Material provided —
——

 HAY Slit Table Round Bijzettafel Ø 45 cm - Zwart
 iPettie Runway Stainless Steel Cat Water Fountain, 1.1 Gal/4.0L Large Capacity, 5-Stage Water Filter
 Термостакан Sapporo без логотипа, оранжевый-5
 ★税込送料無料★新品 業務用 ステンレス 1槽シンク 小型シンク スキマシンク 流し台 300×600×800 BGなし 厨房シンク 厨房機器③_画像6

——

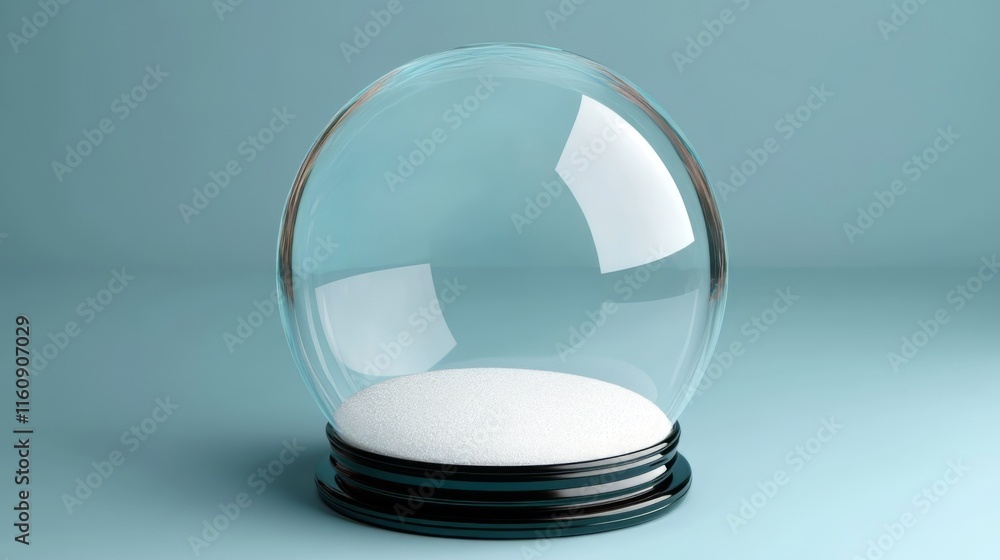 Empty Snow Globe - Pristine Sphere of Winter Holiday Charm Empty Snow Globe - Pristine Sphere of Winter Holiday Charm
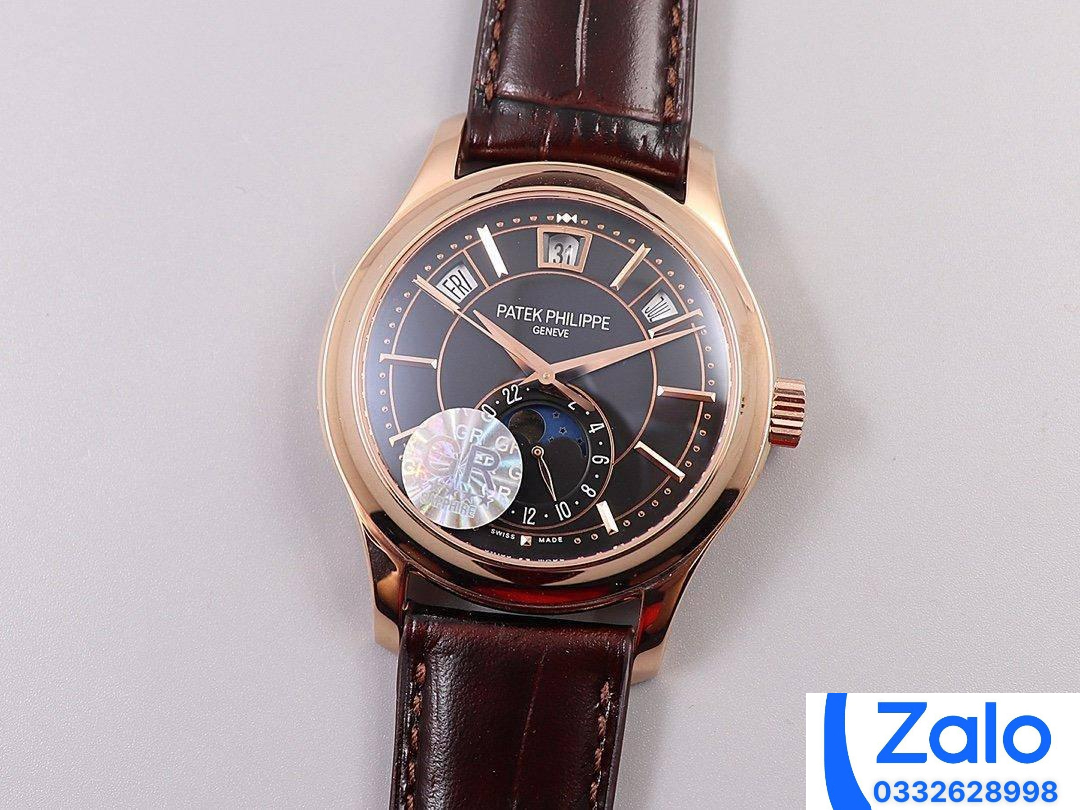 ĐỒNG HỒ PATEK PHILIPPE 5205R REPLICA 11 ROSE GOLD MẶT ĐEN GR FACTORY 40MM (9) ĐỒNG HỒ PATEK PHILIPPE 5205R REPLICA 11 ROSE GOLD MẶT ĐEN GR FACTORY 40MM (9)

——

Try it — Would you print exactly, and only, the lines of the data above from the line with "HAY Slit Table" through the line with "BGなし 厨房シンク 厨房機器③_画像6", inclusive?

Exercise result —
 HAY Slit Table Round Bijzettafel Ø 45 cm - Zwart
 iPettie Runway Stainless Steel Cat Water Fountain, 1.1 Gal/4.0L Large Capacity, 5-Stage Water Filter
 Термостакан Sapporo без логотипа, оранжевый-5
 ★税込送料無料★新品 業務用 ステンレス 1槽シンク 小型シンク スキマシンク 流し台 300×600×800 BGなし 厨房シンク 厨房機器③_画像6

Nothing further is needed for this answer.